Je bascule le menton pour relever vers la sombre créature un regard coupable. Cela faisait déjà plusieurs heures qu’il me besogne. Il est absolument infatigable, et son sexe, vraiment très gros. Cette pause est bienvenue : je commençais à avoir mal au cul.

— Je ne suis pas vierge, si c’est ça que tu demandes... tenté-je.

En tout cas, après cette séance, c’était sûr que je ne le suis plus. Baphomet m’a prise dans toutes les positions imaginables. Présentement, je suis assise dos contre lui, les cuisses largement écartées, tandis qu’il me soutient de ses bras puissants. De temps en temps, il me mordille le cou, ou me pince un téton. Le rythme est devenu plutôt tranquille, mais il ne s’arrête pas.

— Tu sais très bien ce que je veux dire. Tu t’es déjà donnée à un autre comme moi ! Cet Asmodius est un con, oublie-le.

Un autre comme lui... Je prends la balle au bond.

— Qu’est-ce que vous êtes, exactement ? demandé-je en me retournant. Des djinns ? Des esprits baiseurs ?

Je ne crois pas en Dieu, donc pas en Diable non plus. Mais il y a peut-être une dimension parallèle à la nôtre, invisible, peuplée d’êtres différents qui peuvent, dans certains cas, interragir avec nous.

Le rire caverneux de Baphomet résonne dans les ténèbres de la chambre.

— Je préfère le terme de démons, ricane-t-il. Ou d’anges : ça dépend quel genre de goûts tu as, et ce que tu mets dessus ! Toi, on peut dire que tu es une bonne cliente.

Demons to some. Angels to others. Une petite phrase bien familière...

— Comme les Cénobites dans le premier Hellraiser, donc, interprété-je, convoquant sa science des films de genre.
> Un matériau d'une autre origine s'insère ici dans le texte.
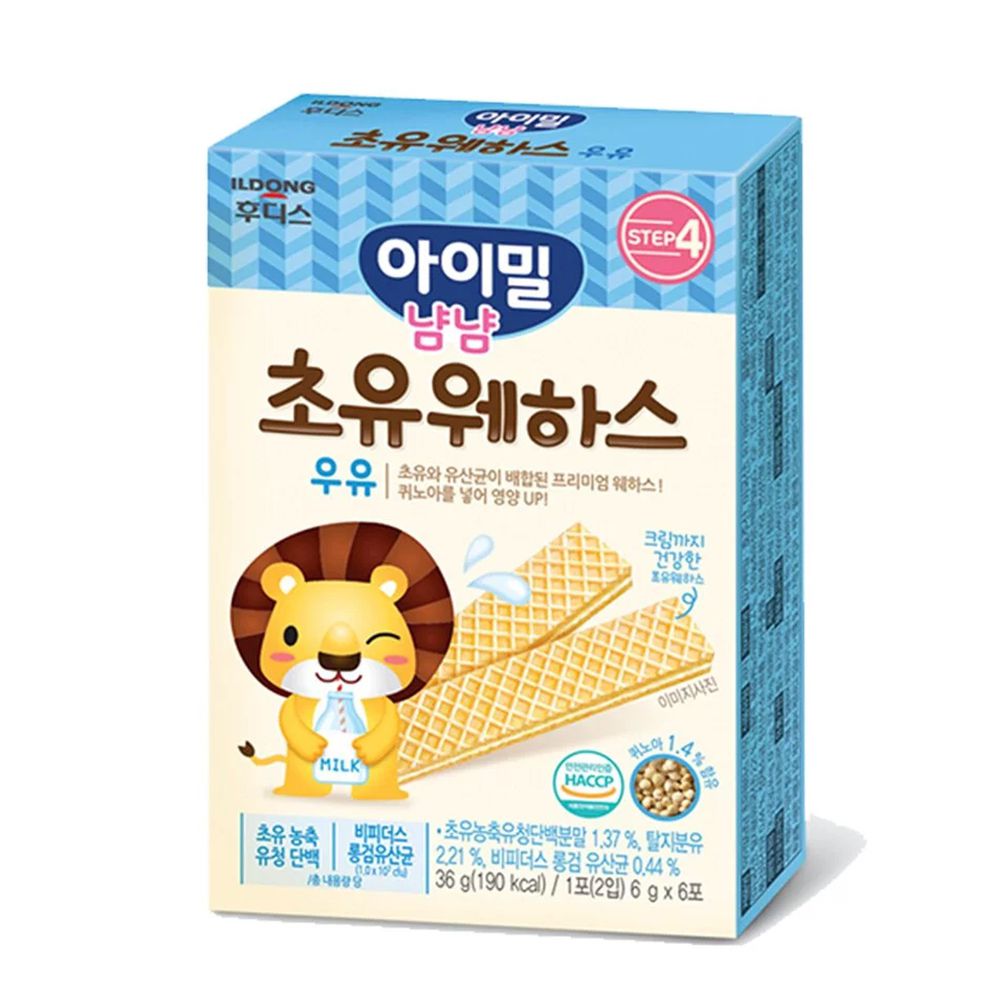 韓國Ildong Foodis日東 - 藜麥威化餅-初乳牛奶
Sauf que vous, vous baisez vraiment les gens, et que je n’ai résolu aucun puzzle... comment êtes-vous venus ?

— Tu nous as invoqués.

Je hausse un sourcil dubitatif.

— Avec des godes achetés sur Internet ?

— Je ne peux pas t’en dire plus, grogne Baphomet. Je suis tenu par les liens du contrat. L’invoqué ne peut délivrer aucune information à l’invocateur.

— Le contrat ? Quel contrat ?

— Je peux rien dire. Je suis tenu par les liens du contrat, répète-t-il en me repoussant sur le lit.

La créature s’est redressée de toute sa stature. Debout, avec ses immenses cornes, elle touche presque le plafond.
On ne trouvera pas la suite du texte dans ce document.